- [Available data]:
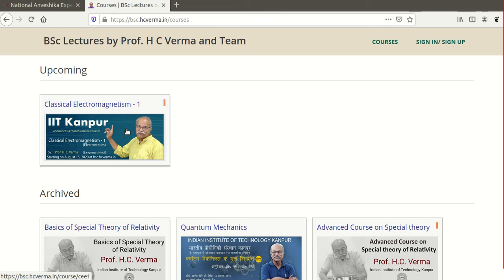Hello everyone. Today I am going to talk about some upcoming courses by H.C. Verma that you can register for. In my earlier lecture I uploaded information about online courses which are ongoing and completed, so if you haven't watched that video, go through it. Today I am going to talk about two new courses which are ongoing and you can register in them.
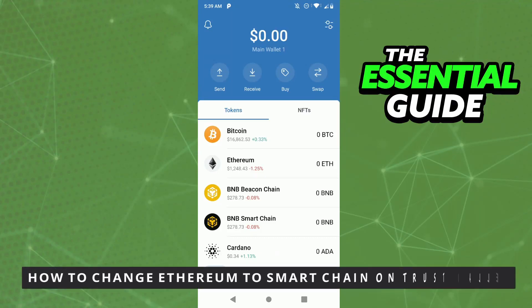Hello everybody, how's it going? Today I'm teaching you how to change Ethereum to Smart Chain in Trust Wallet.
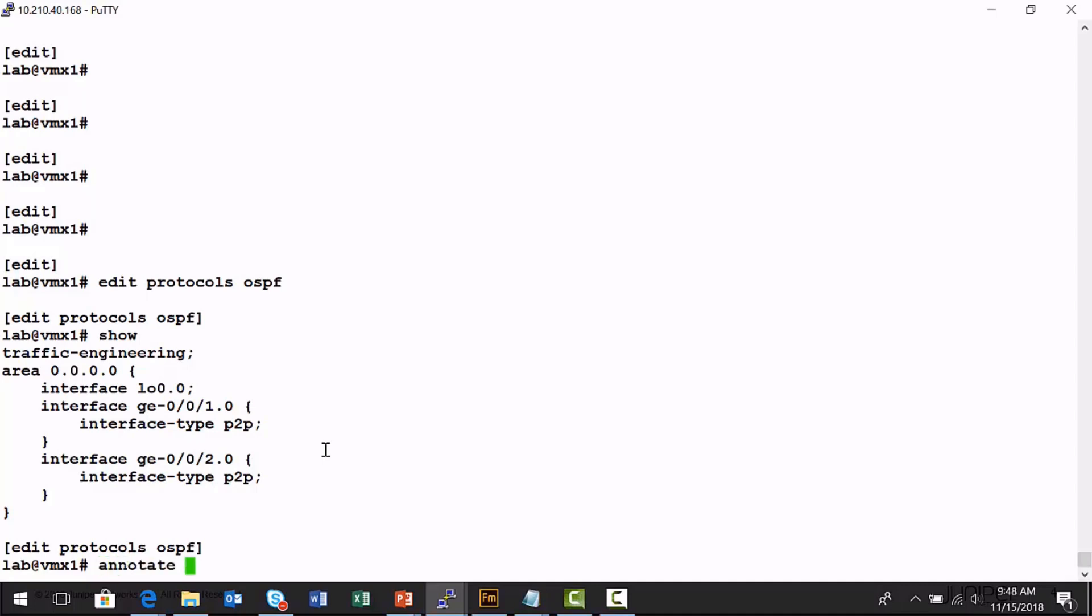There's a peculiarity about the annotate command - you have to run it at the hierarchy level that you want to place the comment. If I say annotate area 0 and try to do interface and hit tab, it won't auto-complete. I'm a little too high in the hierarchy to actually add a comment to the interface under area 0.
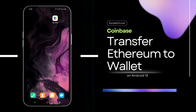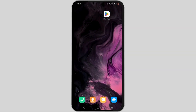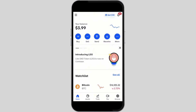How to transfer Ethereum from Coinbase to Coinbase Wallet — welcome, and let's get right into this easy tutorial. Starting off, you need to open up your Coinbase mobile app, which you can easily install from your Play Store or App Store. Make sure that you are logged in to your Coinbase account.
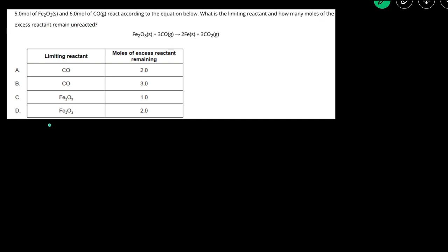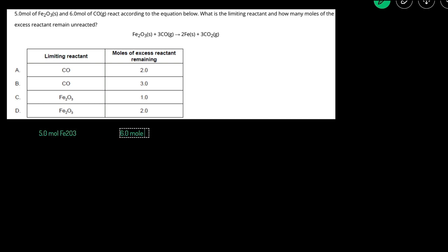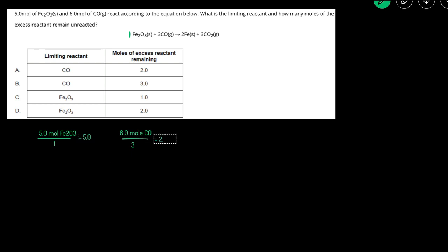To figure out the limiting reactant, we can take the moles and divide by the coefficients. We have 5 moles of Fe2O3 and 6 moles of CO. The coefficient of Fe2O3 is 1, and the coefficient of CO is 3. We divide 5 by 1, which gives us 5, and 6 by 3, which gives us 2. Since 2 is smaller, we know that CO is the limiting reactant.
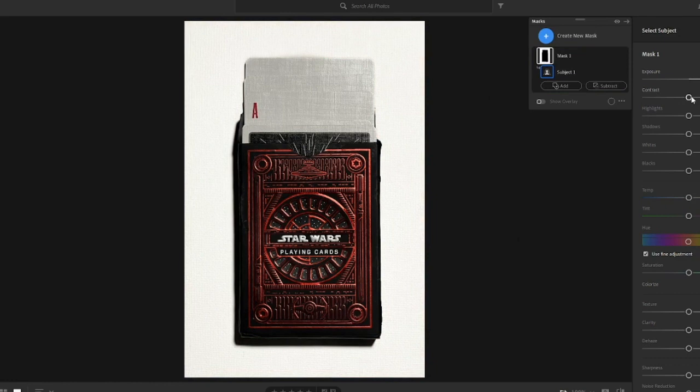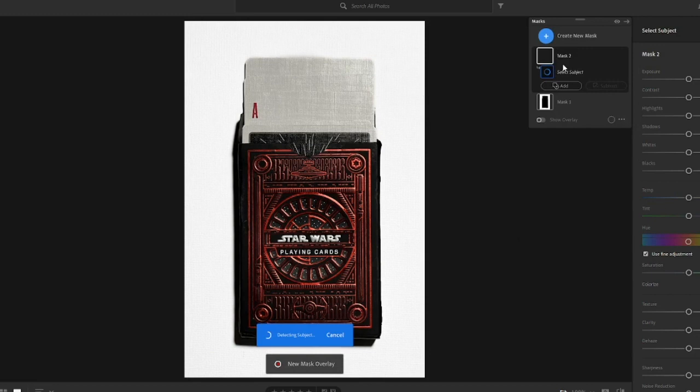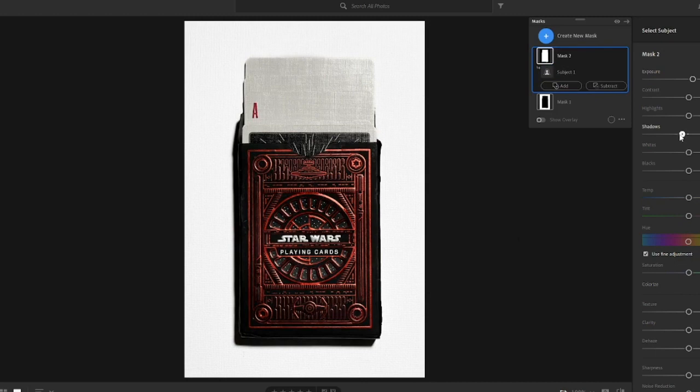Fiddle around with the settings for a minute until you're happy with the photo, then select Add New Mask. By selecting the subject mask, you have masked out the background and are now working entirely on the subject.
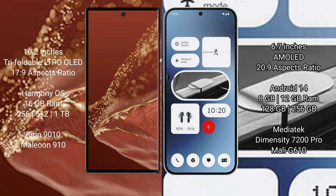Huawei Mate XT Ultimate comes with 16GB RAM and 256GB, 512GB, or 1TB internal storage, MediaTek Dimensity 7200 Pro processor and Mali-G610 GPU. Nothing Phone 2A comes with 8GB or 12GB RAM and 128GB or 256GB internal storage, MediaTek Dimensity 7200 Pro processor and Mali-G610 GPU.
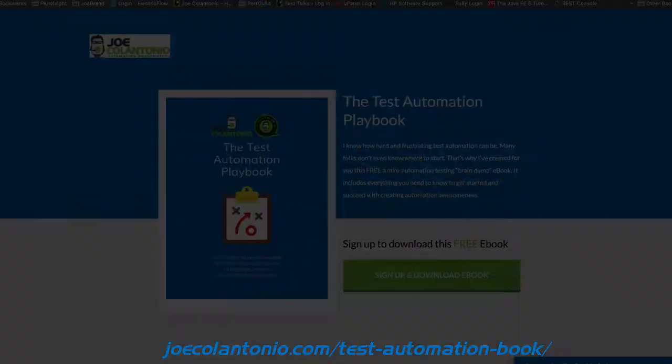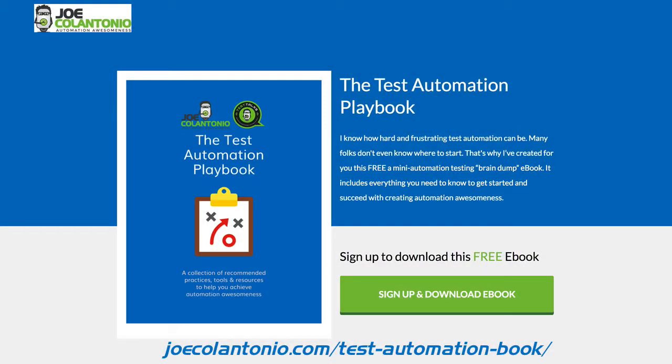So those are some top considerations you need to think about when selecting a tool. Hope it helps. I also have a resource available to you based on all things automation that you can grab at the URL on screen. Check it out.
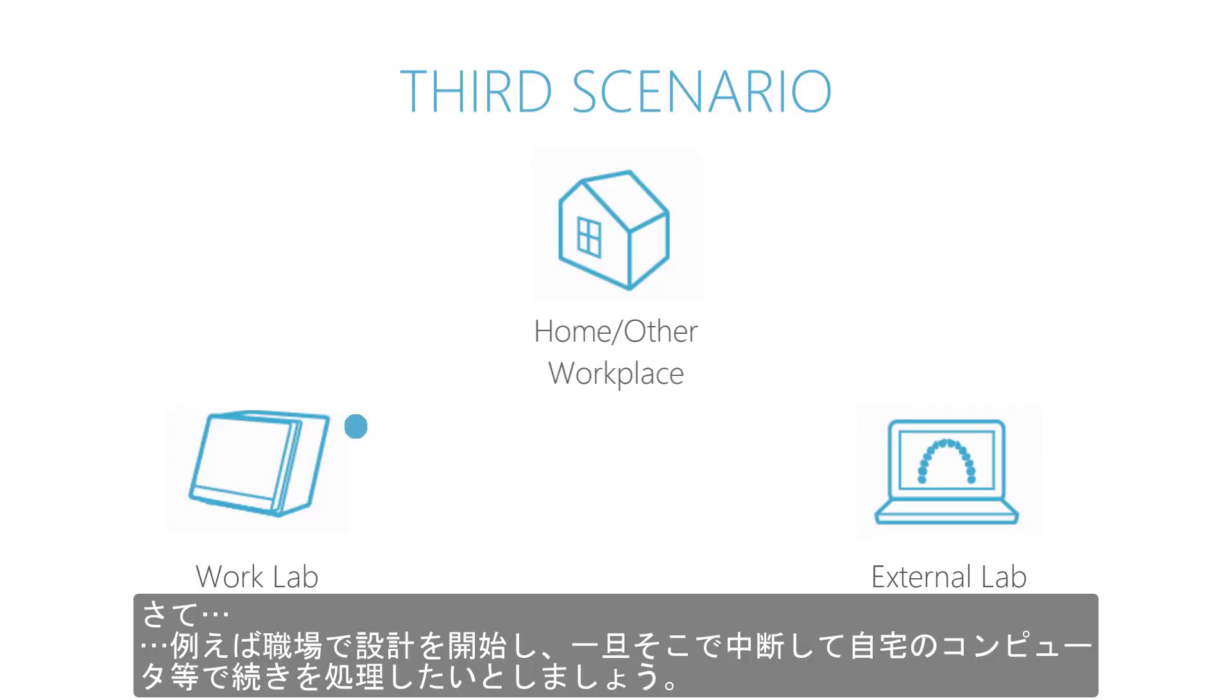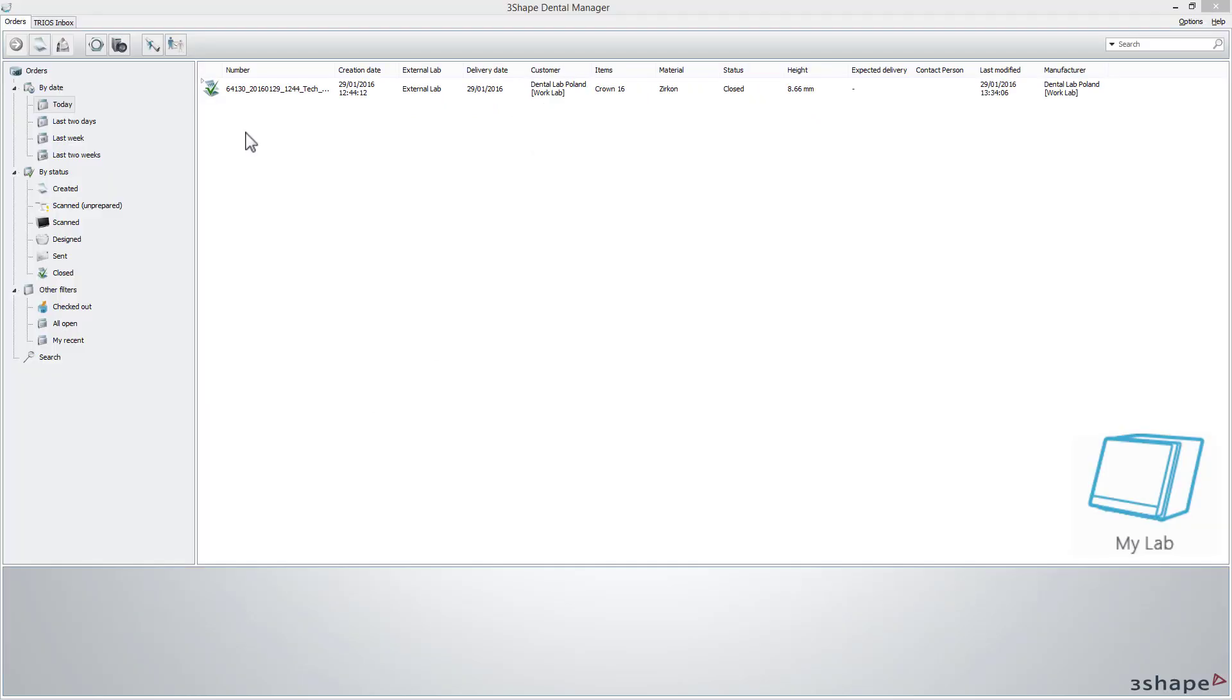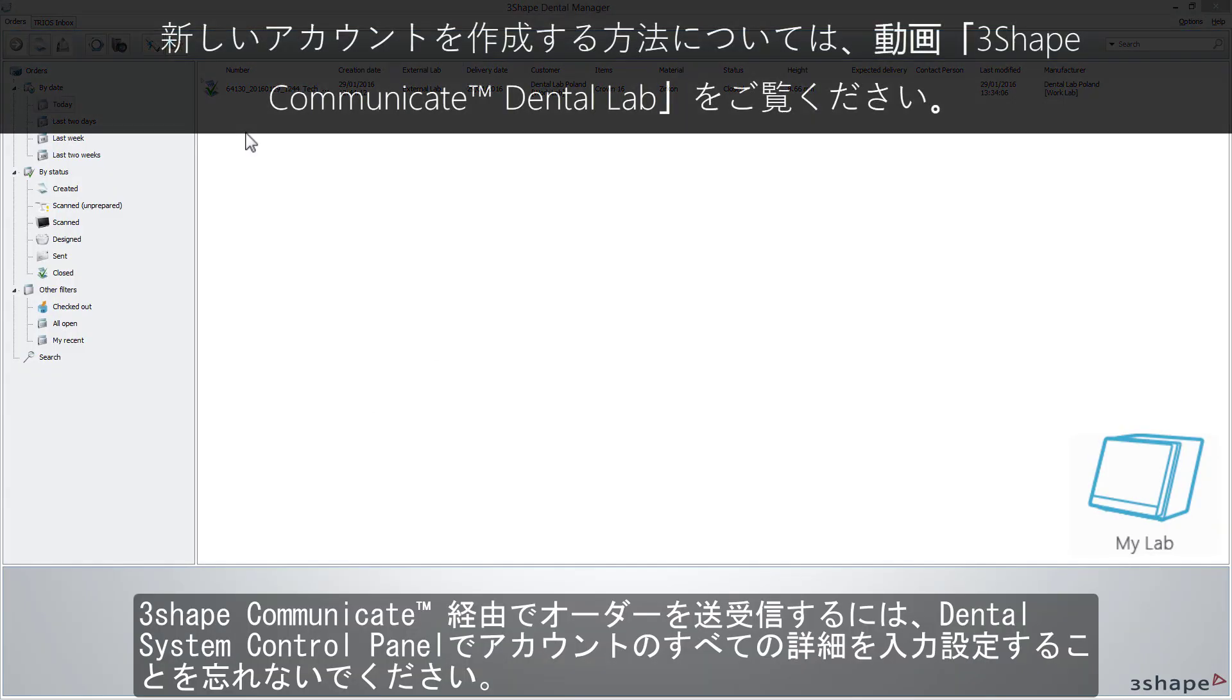Now imagine that you wish to start doing the design at work, then skip it and simply send it to your home PC or other workplace, where you can proceed with further design steps, add some changes to a previously designed order, and eventually easily save a completed design.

- [Problem to solve]: The response must repeat exactly the lines above from the one with "There's a peculiarity" through the one with "To figure out", including both, and must contain no pictures and no other text.

- [Finished task]:
There's a peculiarity about the annotate command - you have to run it at the hierarchy level that you want to place the comment. If I say annotate area 0 and try to do interface and hit tab, it won't auto-complete. I'm a little too high in the hierarchy to actually add a comment to the interface under area 0.
How to transfer Ethereum from Coinbase to Coinbase Wallet — welcome, and let's get right into this easy tutorial. Starting off, you need to open up your Coinbase mobile app, which you can easily install from your Play Store or App Store. Make sure that you are logged in to your Coinbase account.
To figure out the limiting reactant, we can take the moles and divide by the coefficients. We have 5 moles of Fe2O3 and 6 moles of CO. The coefficient of Fe2O3 is 1, and the coefficient of CO is 3. We divide 5 by 1, which gives us 5, and 6 by 3, which gives us 2. Since 2 is smaller, we know that CO is the limiting reactant.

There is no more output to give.